Hermione menggeleng, dia menaikkan kepalanya untuk berhadapan langsung dengan Draco. “Sepuluh menit lagi,” katanya lalu kembali menjatuhkan bibirnya bibir Draco.
***
Voldemort mengumpulkan semua pengikutnya untuk rapat penting. Dia ingin merencanakan hal dengan sangat matang agar balas dendam dia ke Draco bisa melebihi kata sempurna.
Dua orang dia tugaskan untuk menjadi mata-matanya. Blaise dan Theo. Mereka adalah yang paling dipercaya oleh Draco dan Voldemort tahu dengan benar kalau Draco akan selalu menganggap mereka teman, tak peduli apa pun yang terjadi di masa lalu.
“Kalian harus mendekat ke Draco. Jadilah informanku.”
“Baik, My Lord.”
“Kalian harus benar-benar dipercaya oleh Draco.”
“Baik, My Lord.”
“Saat kandungan si mudblood sudah besar, kita akan bersama-sama membunuh mereka semua. Draco, Mudblood, dan anak mereka harus lenyap.”
“Baik, My Lord.”
“Kalian harus menjadi sahabat Draco kembali untuk menikam Draco bahkan kalau kalian bisa membunuh Draco lewat tangan kalian, kalian bisa mendapatkan sebuah penghargaan dan hadiah.”
“Baik, My Lord.”
“Tapi jangan gegabah, kalau kalian mau membunuh Draco, kalian harus mengikuti aba-aba dariku.”
“Baik, My Lord.”
“Dan perlu diingat baik-baik, aku mengirim kalian ke Draco bukan sebagai teman tapi sebagai musuh. Kalian tidak boleh berteman dengan Draco.”
“Baik, My Lord.”
“Jika kalian sampai membantu Draco, kalian tahu apa akibatnya bukan?”
“Ya, My Lord.”
“Katakan dengan lantang apa akibat itu.”
“Kematian.”
“Aku bilang lantang!”
“Kematian.”
“Crucio!” Dua orang Pelahap Maut yang tadinya berlutut itu jatuh terjengkang ke belakang sambil menahan kesakitan.

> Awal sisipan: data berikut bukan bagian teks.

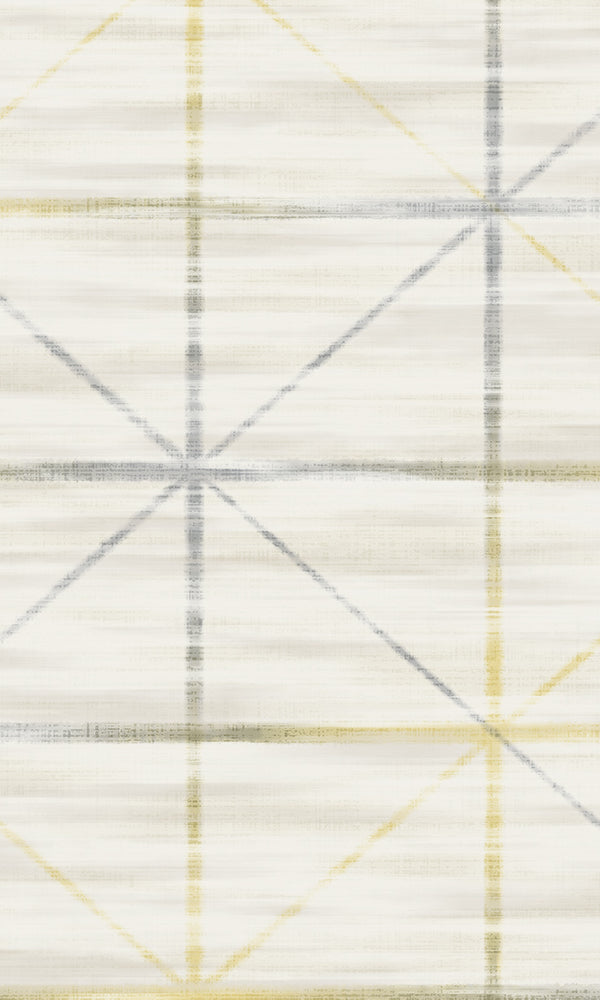 Mustard & Grey Star Grid Wallpaper R5655. Geometric wallpaper.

“Sebutkan akibat itu dengan lantang!”
“Kematian.”
Mantra Cruciatus belum Voldemort lepaskan karena dia ingin melihat tawanannya menderita dan babak belur. Ini pun bagian dari rencananya.

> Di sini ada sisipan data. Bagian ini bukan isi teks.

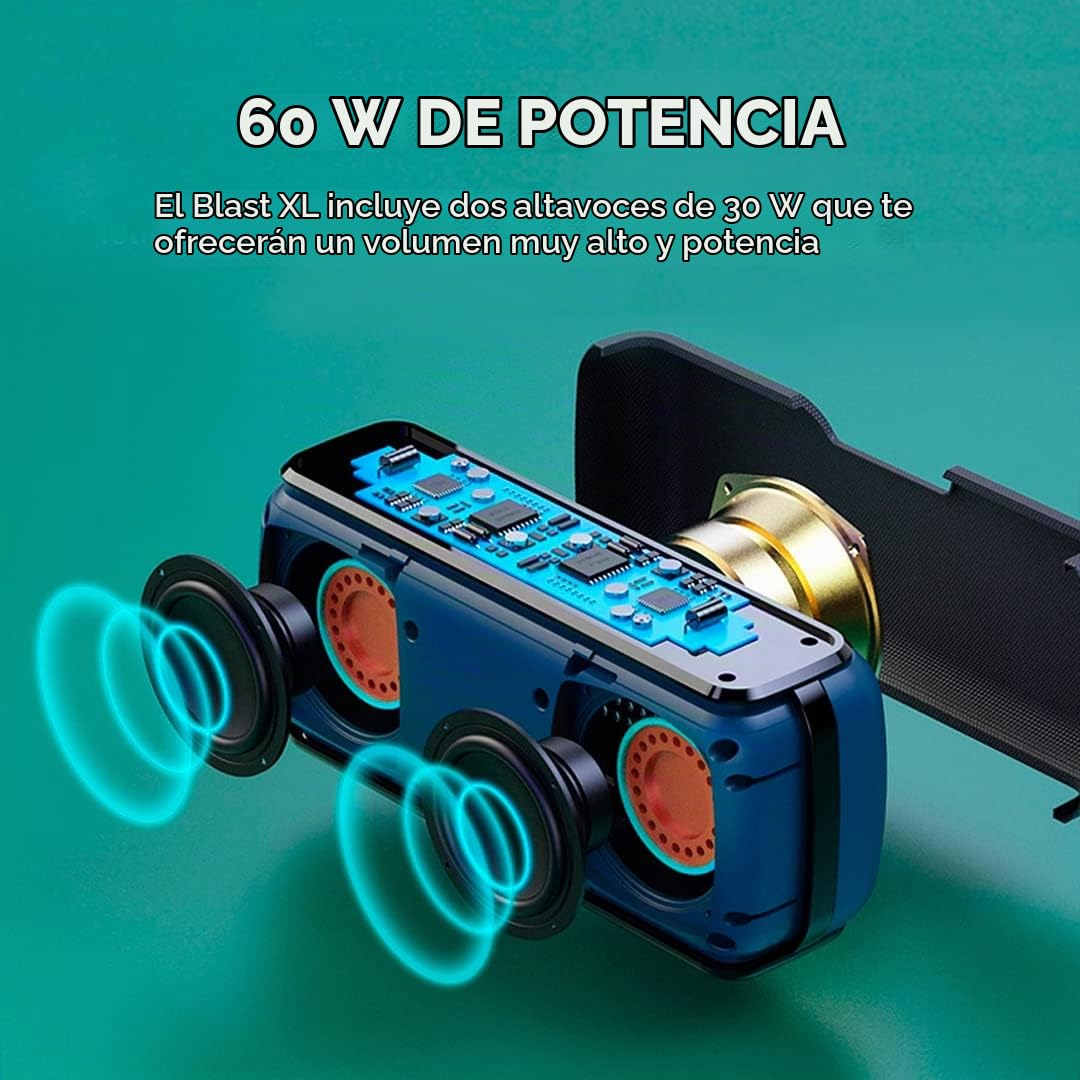 VULKKANO Blast XL - Altavoz Bluetooth Potente Grande 60W - Altavoz inalambrico Portatil con Bluetooth 5.0, 20H de Batería, Tecnologia TWS, USB-C, Carga Rapida, AUX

Dia akan buat Blaise dan Theo babak belur sehingga begitu mereka berdua datang ke Draco, Draco akan menerima mereka karena rasa iba.

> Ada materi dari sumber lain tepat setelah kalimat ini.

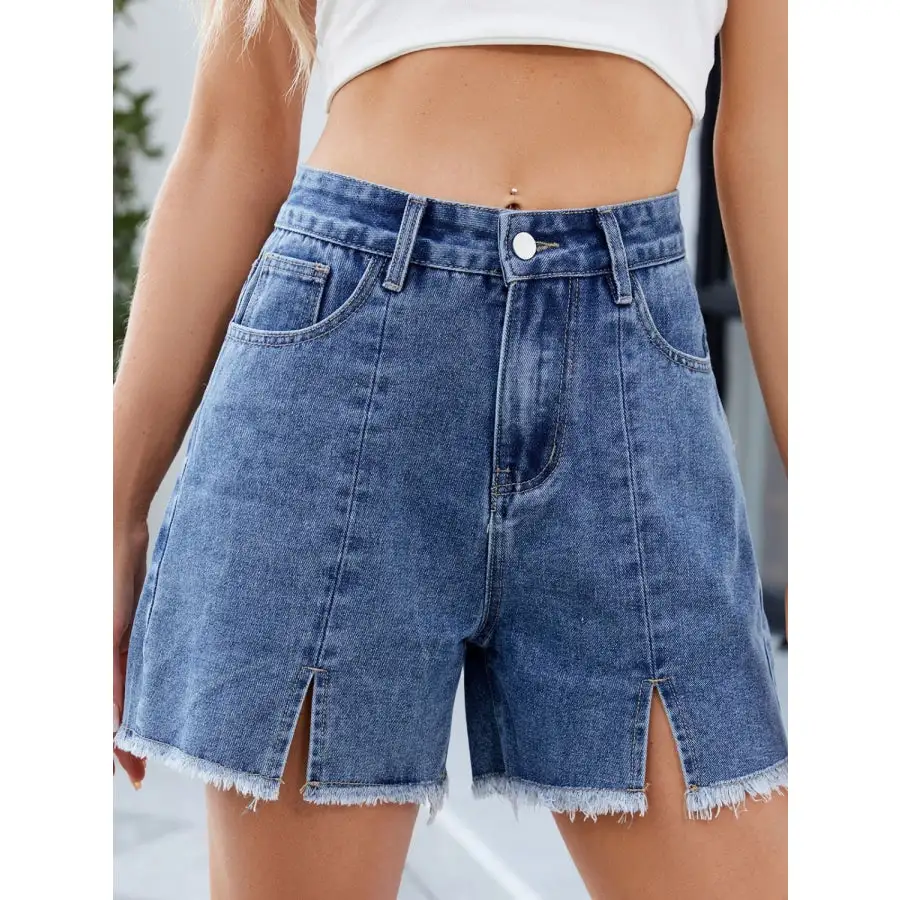 Raw Hem Denim Shorts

“Sebutkan lagi apa akibatnya!”
“KEMATIAN!” Mereka berteriak lirih sambil berliuk-liuk seperti cacing kepanasan di atas lantai ini.
“Sebutkan sekali lagi!”
“KEMATIAN!”
Ya … Mereka memang akan mati setelah tugas itu mereka selesaikan. Voldemort tidak menyukai kinerja mereka sejak awal, jadi setelah Draco … mereka berdua yang harus dibuang.
***
A/N :
Yes, I'm back again!
Ih seneng deh kalau tulisan aku banyak yang suka dan ditunggui… makasih ya guys… kalian itu bener-bener kebahagian aku. Makasih banyak-banyak.